Jetzt hast Du vier Möglichkeiten: 

Die schnelle Möglichkeit: 
Kauf Dir Leopard und installiere Dir die offizielle Version von Apple. 
Seltsam ist allerdings, wieso die keine 32-Bit-Version raus bringen. Immerhin ist der Safari ja nicht auf 64-Bit ausgelegt und mag somit das 64-Bit-Java nicht. Das führt dazu, dass der auch keine Java 1.6 Applets mag. 
Was das für einen Sinn ergibt, dass die ihren eigenen Browser davon ausschließen hat sich mir noch nicht ergeben. 

Die aufwändige Möglichkeit: 
Verbringe Deinen Tag damit, dass Du diese Beta-Version im Internet findest. 

Die spannende Möglichkeit:
Such Dir eine Alternative wie SoyLatte und Co. (da gab es noch irgend ein anderes Projekt)

Die Lebensaufgabe: 
Portiere das JDK selbst.  



PS.: Oder zahle Sun genug Geld, dass sie auch eine Version für den Tiger (und folgende) anbieten. 
Find ich sowieso totalen Unfug, dass das ausschließlich über Apple wandert. 
Die Mac OS X-Zusätze im Java brauch sowieso kein Mensch.


----------



## AlArenal (4. Aug 2008)

maki hat gesagt.:
			
		

> Wenn ich mir dass so anhöre, bin ich froh auf Ubuntu umzusteigen, nachdem Vista mir den letzten Nerv geraubt hat...



Hatte ich ne ganze Weile parallel im Einsatz, aber ich bin mit Mac OS X sehr zufrieden.
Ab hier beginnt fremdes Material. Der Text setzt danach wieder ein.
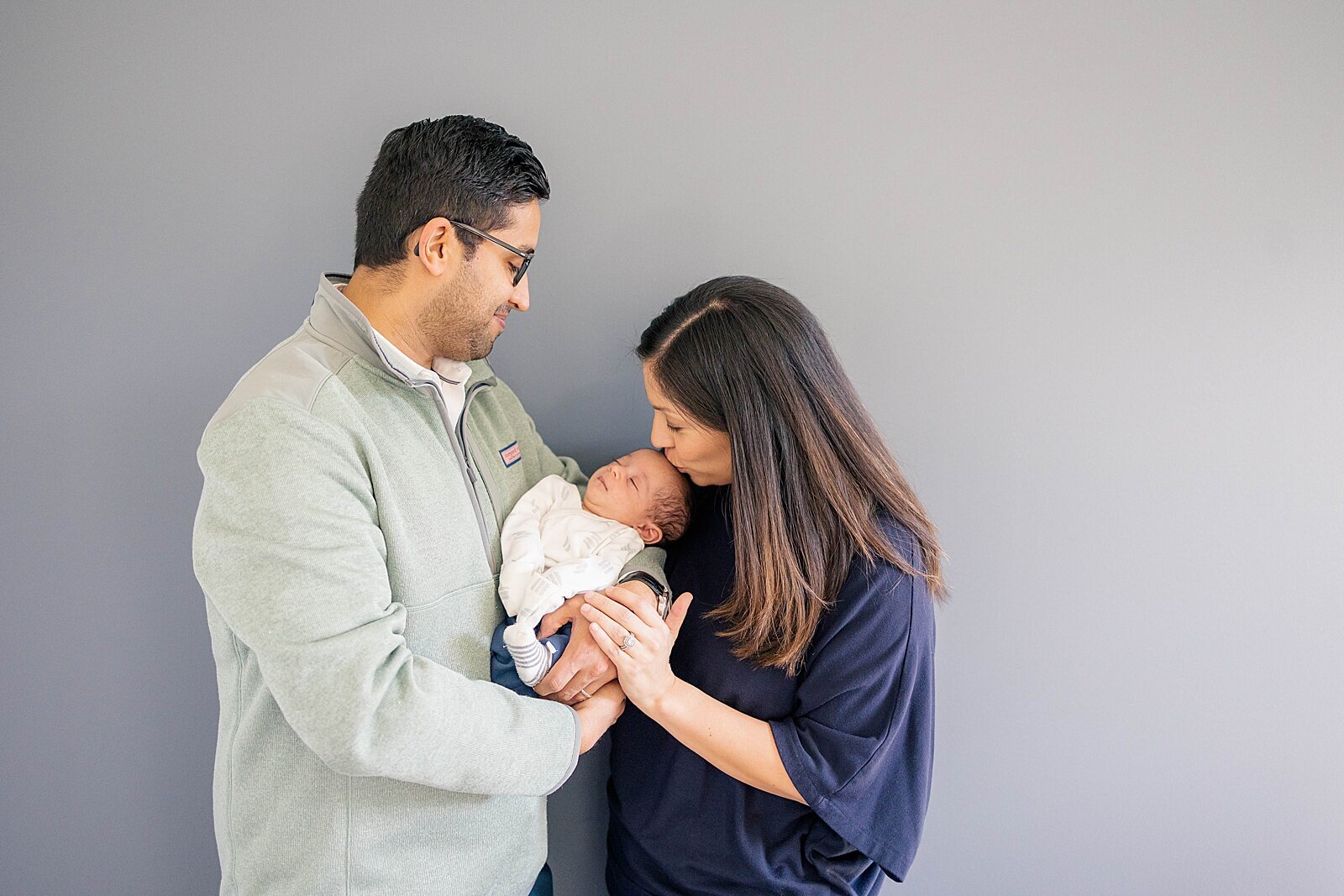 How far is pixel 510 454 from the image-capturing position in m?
1.70

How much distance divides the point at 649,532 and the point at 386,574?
1.99 ft

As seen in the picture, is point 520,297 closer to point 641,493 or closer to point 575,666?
point 641,493

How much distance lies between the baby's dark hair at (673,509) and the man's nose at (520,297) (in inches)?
18.7

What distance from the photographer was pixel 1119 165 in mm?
1807

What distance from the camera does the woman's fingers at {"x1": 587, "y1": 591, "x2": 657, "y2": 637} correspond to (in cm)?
149

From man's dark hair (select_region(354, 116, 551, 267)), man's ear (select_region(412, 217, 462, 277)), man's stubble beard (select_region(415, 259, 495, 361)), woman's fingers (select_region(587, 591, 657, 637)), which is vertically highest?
man's dark hair (select_region(354, 116, 551, 267))

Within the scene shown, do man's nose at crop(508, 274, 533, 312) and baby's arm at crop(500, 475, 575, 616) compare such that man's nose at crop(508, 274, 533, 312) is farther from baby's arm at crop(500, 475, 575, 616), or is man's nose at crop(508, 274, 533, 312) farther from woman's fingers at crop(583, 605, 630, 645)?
woman's fingers at crop(583, 605, 630, 645)

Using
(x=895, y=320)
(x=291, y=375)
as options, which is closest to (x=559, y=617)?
(x=291, y=375)

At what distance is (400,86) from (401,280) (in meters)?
A: 0.64

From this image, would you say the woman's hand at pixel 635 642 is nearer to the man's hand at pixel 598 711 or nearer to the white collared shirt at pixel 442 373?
the man's hand at pixel 598 711

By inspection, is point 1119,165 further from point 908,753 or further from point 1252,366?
point 908,753

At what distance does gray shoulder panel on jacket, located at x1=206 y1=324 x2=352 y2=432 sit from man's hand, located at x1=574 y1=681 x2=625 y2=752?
716mm

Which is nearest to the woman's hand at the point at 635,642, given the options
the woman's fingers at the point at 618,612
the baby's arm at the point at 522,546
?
the woman's fingers at the point at 618,612

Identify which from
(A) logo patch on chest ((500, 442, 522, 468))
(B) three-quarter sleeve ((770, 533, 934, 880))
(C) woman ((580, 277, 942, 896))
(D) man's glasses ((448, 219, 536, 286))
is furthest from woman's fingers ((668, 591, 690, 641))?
(D) man's glasses ((448, 219, 536, 286)) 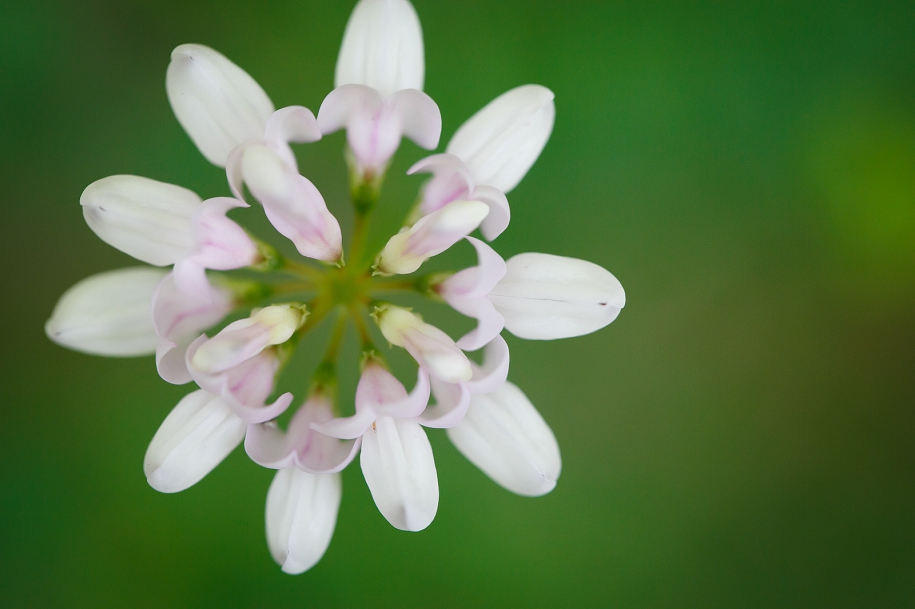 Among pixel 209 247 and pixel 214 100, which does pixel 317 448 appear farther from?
pixel 214 100

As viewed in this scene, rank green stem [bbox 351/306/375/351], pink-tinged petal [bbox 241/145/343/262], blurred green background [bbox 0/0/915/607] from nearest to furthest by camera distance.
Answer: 1. pink-tinged petal [bbox 241/145/343/262]
2. green stem [bbox 351/306/375/351]
3. blurred green background [bbox 0/0/915/607]

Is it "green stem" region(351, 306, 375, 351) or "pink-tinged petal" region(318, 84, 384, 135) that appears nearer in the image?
"pink-tinged petal" region(318, 84, 384, 135)

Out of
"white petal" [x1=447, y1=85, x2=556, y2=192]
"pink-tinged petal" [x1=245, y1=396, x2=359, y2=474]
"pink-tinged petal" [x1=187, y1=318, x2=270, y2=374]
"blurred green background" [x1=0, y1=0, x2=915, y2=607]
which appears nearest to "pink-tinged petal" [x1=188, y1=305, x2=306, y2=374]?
"pink-tinged petal" [x1=187, y1=318, x2=270, y2=374]

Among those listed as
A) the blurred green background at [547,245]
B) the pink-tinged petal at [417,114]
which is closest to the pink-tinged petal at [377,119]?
the pink-tinged petal at [417,114]

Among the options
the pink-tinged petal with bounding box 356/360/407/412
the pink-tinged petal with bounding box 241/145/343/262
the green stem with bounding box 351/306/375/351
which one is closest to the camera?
the pink-tinged petal with bounding box 241/145/343/262

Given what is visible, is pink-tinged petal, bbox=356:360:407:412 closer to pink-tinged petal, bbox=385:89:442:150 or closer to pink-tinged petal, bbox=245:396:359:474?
pink-tinged petal, bbox=245:396:359:474

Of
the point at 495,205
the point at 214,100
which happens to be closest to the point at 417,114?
the point at 495,205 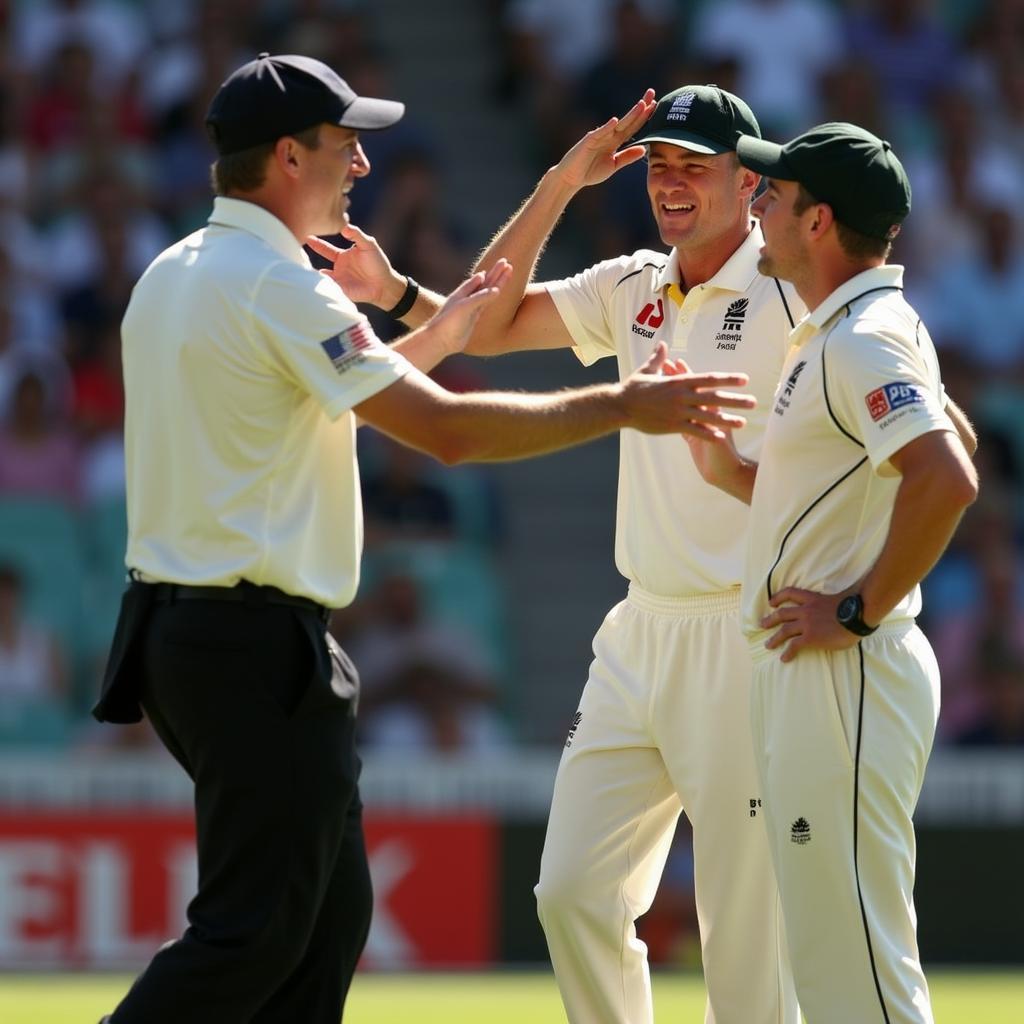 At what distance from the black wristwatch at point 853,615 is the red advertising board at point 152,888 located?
5395 mm

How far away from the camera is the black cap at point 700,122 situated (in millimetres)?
5371

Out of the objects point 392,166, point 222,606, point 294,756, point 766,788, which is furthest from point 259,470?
point 392,166

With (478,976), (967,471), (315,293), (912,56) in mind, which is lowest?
(478,976)

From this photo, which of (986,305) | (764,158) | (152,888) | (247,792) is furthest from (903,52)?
(247,792)

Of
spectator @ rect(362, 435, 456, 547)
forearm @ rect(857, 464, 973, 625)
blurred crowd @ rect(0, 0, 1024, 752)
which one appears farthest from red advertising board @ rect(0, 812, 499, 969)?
forearm @ rect(857, 464, 973, 625)

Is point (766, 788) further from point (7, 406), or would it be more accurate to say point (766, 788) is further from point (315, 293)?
point (7, 406)

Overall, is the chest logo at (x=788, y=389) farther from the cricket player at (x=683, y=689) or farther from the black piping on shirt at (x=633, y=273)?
the black piping on shirt at (x=633, y=273)

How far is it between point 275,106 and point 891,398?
4.77ft

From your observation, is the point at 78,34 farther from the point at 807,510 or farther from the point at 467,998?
the point at 807,510

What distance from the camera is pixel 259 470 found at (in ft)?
14.8

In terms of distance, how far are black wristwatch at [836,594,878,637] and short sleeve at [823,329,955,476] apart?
0.28 m

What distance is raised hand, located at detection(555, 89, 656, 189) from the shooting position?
5715 mm

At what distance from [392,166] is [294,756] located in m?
7.61

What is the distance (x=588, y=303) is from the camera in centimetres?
576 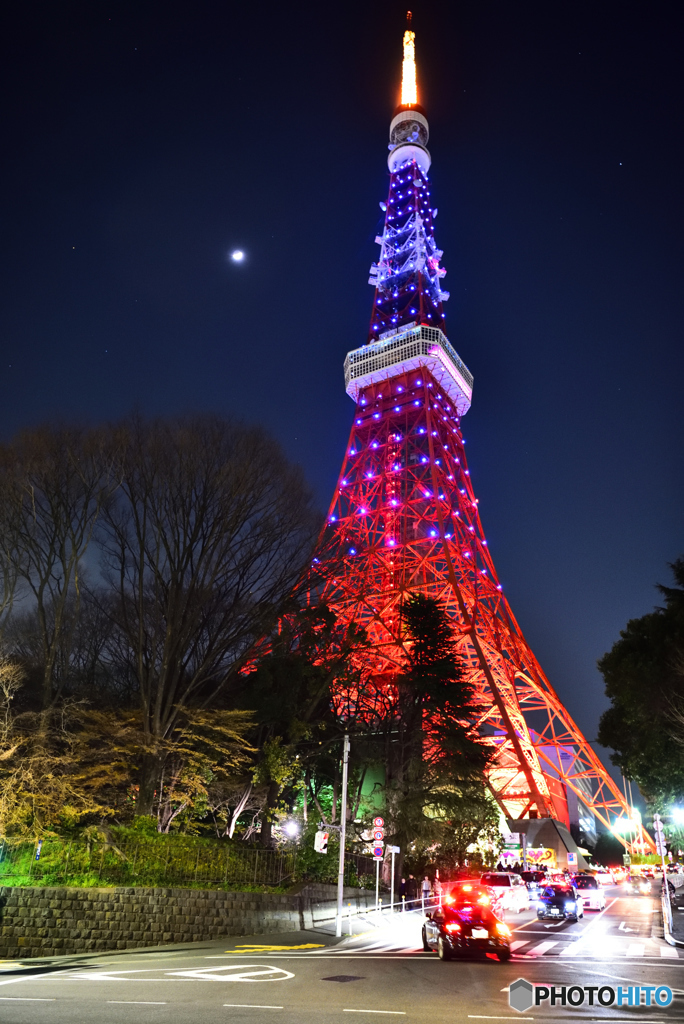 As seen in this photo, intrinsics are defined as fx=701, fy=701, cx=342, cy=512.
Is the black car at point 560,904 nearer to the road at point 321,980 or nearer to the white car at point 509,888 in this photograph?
the white car at point 509,888

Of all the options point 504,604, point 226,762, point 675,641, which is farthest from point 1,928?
point 504,604

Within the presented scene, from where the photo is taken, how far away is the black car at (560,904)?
20516 mm

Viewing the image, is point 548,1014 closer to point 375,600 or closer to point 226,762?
point 226,762

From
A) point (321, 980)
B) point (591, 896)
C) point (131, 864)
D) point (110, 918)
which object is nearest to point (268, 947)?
point (110, 918)

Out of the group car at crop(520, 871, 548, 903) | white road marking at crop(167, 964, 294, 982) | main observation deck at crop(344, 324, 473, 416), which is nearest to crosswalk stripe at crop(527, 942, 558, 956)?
white road marking at crop(167, 964, 294, 982)

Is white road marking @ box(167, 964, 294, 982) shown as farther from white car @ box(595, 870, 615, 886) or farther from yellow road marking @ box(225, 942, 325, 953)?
white car @ box(595, 870, 615, 886)

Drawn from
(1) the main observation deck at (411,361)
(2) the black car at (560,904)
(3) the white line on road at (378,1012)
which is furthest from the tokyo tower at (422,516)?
(3) the white line on road at (378,1012)

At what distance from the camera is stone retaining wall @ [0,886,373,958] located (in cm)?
1463

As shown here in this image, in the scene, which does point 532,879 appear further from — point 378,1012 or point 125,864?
point 378,1012

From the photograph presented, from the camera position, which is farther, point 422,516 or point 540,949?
point 422,516

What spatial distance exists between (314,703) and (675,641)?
1158cm

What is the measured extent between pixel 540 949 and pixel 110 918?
8972 mm

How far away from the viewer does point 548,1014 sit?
7.60m

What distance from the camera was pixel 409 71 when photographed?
71.9m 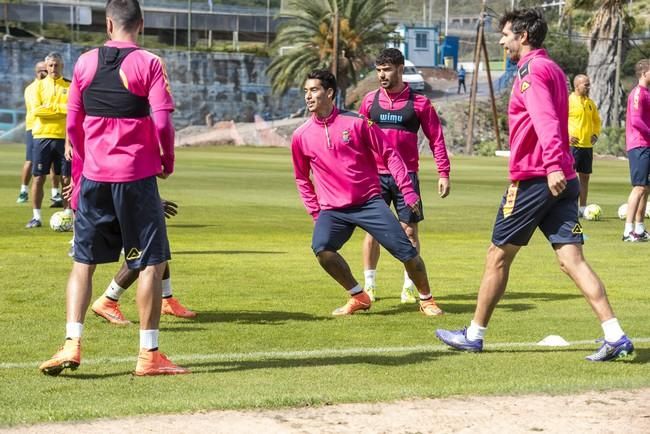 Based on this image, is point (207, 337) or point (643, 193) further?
point (643, 193)

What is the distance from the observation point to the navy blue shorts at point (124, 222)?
7.28 meters

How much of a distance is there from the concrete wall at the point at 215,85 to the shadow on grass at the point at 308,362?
6906 cm

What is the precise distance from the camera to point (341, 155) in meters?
9.73

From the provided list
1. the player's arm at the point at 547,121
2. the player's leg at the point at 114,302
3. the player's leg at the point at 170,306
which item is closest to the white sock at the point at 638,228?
the player's leg at the point at 170,306

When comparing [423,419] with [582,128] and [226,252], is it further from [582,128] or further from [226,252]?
[582,128]

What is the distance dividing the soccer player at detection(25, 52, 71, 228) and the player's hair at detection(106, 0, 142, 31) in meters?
11.0

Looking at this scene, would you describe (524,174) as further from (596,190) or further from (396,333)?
(596,190)

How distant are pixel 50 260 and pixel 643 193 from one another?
7.72m

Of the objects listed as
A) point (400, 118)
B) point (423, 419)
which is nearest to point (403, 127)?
point (400, 118)

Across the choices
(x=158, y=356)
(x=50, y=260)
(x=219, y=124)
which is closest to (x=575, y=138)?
(x=50, y=260)

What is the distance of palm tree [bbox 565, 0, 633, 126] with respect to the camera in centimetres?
6322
Windows läuft als VM via Parallels (habe die Installation von meinem Notebook migriert), von daher fehlt mir derzeit nüscht - außer vielleicht noch nen Mac im Büro und ein Macbook für unterwegs...


----------



## thE_29 (4. Aug 2008)

http://www.java-forum.org/de/viewtopic.php?p=418189#418189 JVM 6 Beta

Habe ein Macbook, Vista und in der Firma XP + Linux zum Einsatz und könnte nicht sagen das eines am meisten zu bevorzugen ist.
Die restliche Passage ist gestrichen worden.